I am not sure if Doctor Doolittle has risen from the grave, or an Orwellian version of Animal Farm has manifested. Crazy critters cry out everywhere.
Obviously, my mind is not what it was. Yet I remain steeled. If it were not for Indian Butch by my side--his constant mentoring and guidance in the Alaskan gulag--in search of a turkey totem--where we find grouse and a partridge or two for a bit of spiritual counseling--I would be lost. Butch's persuasive polemic on the power of the turkey foot gave me hope.
But it was his keen eye that probably kept us alive.
"What the hell is that?" he peered at an obscure scrapbook and yanked out a photo." The cover said Citizenship Merit Badge.
Fleeing Ketchikan, we had just broken into a rickety outbuilding on the outskirts of Tok Junction, a small Alaskan town, near the Yukon border, where there really are no outskirts. In fact, it was hard to see anything that resembled a town. Mostly, Husky dogs hunkered in the woods, tethered to spruce trees along a never-ending gravel road. Apparently, the shack was some kind of Boy Scout clubhouse. A few deer antlers, one with a broken prong, hung above the doorway. It was cold so I wrapped myself in a giant Boy Scout flag with Tok Junction, Alaska on it. It was nylon and shiny. I would have preferred wool.

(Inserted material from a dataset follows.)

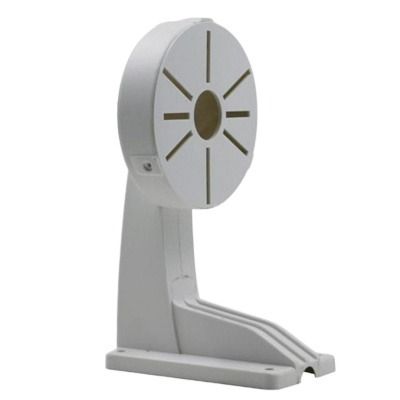 Queenly-security Camera Mount Bracket,abs Indoor Outdoor Wal - View #2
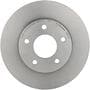 Brembo Front Brake Rotor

"It's Kennedy, man," I observed the photo. "Just an obscure shot. You obviously have a knack for them. The TV behind the desk is not impressive."
Butch held up the photo. People were dancing around a desk in the White House. He gave me a knowing look and pasted his finger on the man to the left. "Devil is in the details," he warned.
"Looks like a fox trot," I said. "Little John John is kicking up his heels."
"Charles Del Vecchio!" he proclaimed. "The Devil, I said!"
"What?" I looked closer. "The Del Vecchio who tagged our turkey in the Washington Post? How can you tell? The philodendron on the desk?"
"Italian mustache!" Butch was shaking. "Ferragamo shoes! The swagger!"
"You've got a good eye. And good taste. But isn't devil a little severe?
"In Vecchio's world," Butch's voice hoarsened. "Eye-for-an-Eye-talian! Everyone dies."